The Orca Financial Guide to understanding Personal Pensions
What is a Personal Pension?
A Personal Pension is a long-term private investment plan – separate from the State pension scheme – aimed at helping you set aside money for your retirement. The ultimate value of your pension plan will depend on the contributions you have made over the years and the investment return the funds have achieved. Personal Pension Plans are designed for people who don’t have access to a pension scheme through work and want to set aside money themselves, and those who are self-employed.
How much should I invest in my Personal Pension Plan?
Before you decide how much you are going to invest in your Personal
Pension Plan there are a number of things you need to think about:
- What age you’d like to retire at
- Your current age
- Your existing income
- How much you can afford to set aside each month
General consensus suggests you should aim to retire on two thirds of your current income (this figure includes the State Pension). A Personal Pension Plan gives you the flexibility to make contributions either monthly, quarterly, every six months or every year. You can also boost your Personal Pension Plan with a lump sum payment at any stage. You can decrease or increase your contributions at any stage, which is useful if you begin to earn more money, or on the other hand, if you are having financial difficulties. You can start a Personal Pension by investing as little as €100 per month.
What are the tax advantages of a Personal Pension Plan?
A Personal Pension Plan is a tax-efficient way for you to save for your retirement, as your monthly contributions qualify for income tax relief at your marginal tax rate.
For example, if you pay tax at the 40% rate, for each €1 you contribute to your Personal Pension Plan you can claim 40 cent back in tax relief. So if, for instance, you invest €1,000 in your Personal Pension Plan per year, it will actually only cost you €600 after income tax relief.
There are limits to the income tax relief you can get from the Government, and the maximum contributions on which you can get income tax relief in a year vary by your age.
|Age||Amount which qualifies for tax relief|
|Under 30 years:||15% of net relevant earnings|
|30 to 39 years:||20%|
|40 to 49 years:||25%|
|50 to 54 years:||30%|
|55 to 59 years:||35%|
|60 and over:||40%|
In addition, the growth achieved by your Personal Pension Plan is not subject to tax. This means that you gain from any investment growth and income it earns.
How do I decide where to invest my Personal Pension Plan?
You may be relying on your Personal Pension Plan to provide a vital source of income in retirement, so it’s important that you invest it wisely. An Orca Financial Pension Advisor can take you through the many options that are available – from low and high risk funds investing in particular types of assets, to managed or mixed funds investing in a spread of assets and self-directed funds, where you choose the funds or assets in which you invest.

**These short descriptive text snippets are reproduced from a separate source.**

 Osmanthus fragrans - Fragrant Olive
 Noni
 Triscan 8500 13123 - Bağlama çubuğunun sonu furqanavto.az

The plan you choose should offer a diversified range of investment options that can meet your changing circumstances over time. Any choice you make should be based on the level of investment risk you are comfortable with, and should take into account your financial circumstances and goals. It is important to understand that the value of your Personal Pension Plan can fall as well as rise, depending on which funds or assets you invest in.

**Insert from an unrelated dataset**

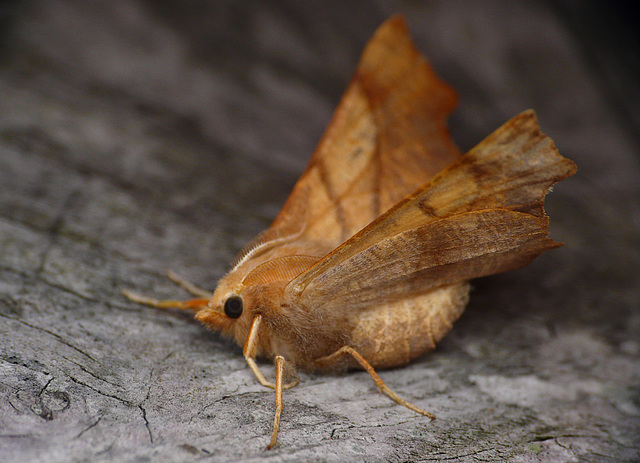 Dusky Thorn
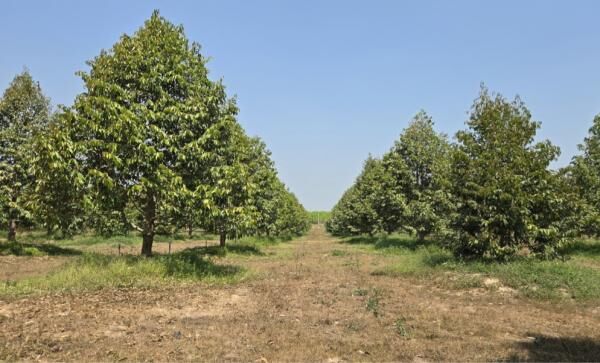 Bangkok, Real Estate For Sale, THB 1500000,  6 BR,  2274 Sq. Feet,  Empty Land For Sale 5-2-74 Rai With Durian Orchard, Klaeng District, Rayong Province.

You can select a normal retirement age between 60 and 75.
What are my retirement options?
The Personal Pension Plan is designed to provide a fund which you use to purchase benefits at retirement. From the options available, you can decide the format benefits should take.

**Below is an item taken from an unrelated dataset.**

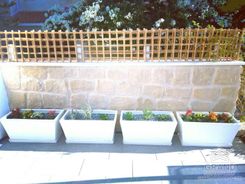 66 m2 - 3996 - photo-4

- You can choose to take a tax-free lump sum of up to 25% of the value of the pension fund
- The balance of the capital can be used to purchase an Approved Retirement Fund or an annuity to provide you with an income
The retirement benefits provide under a Personal Pension Plan will be directly determined by the accumulated value of the plan attributable to contributions paid to the plan and the level of retirement benefits is not guaranteed.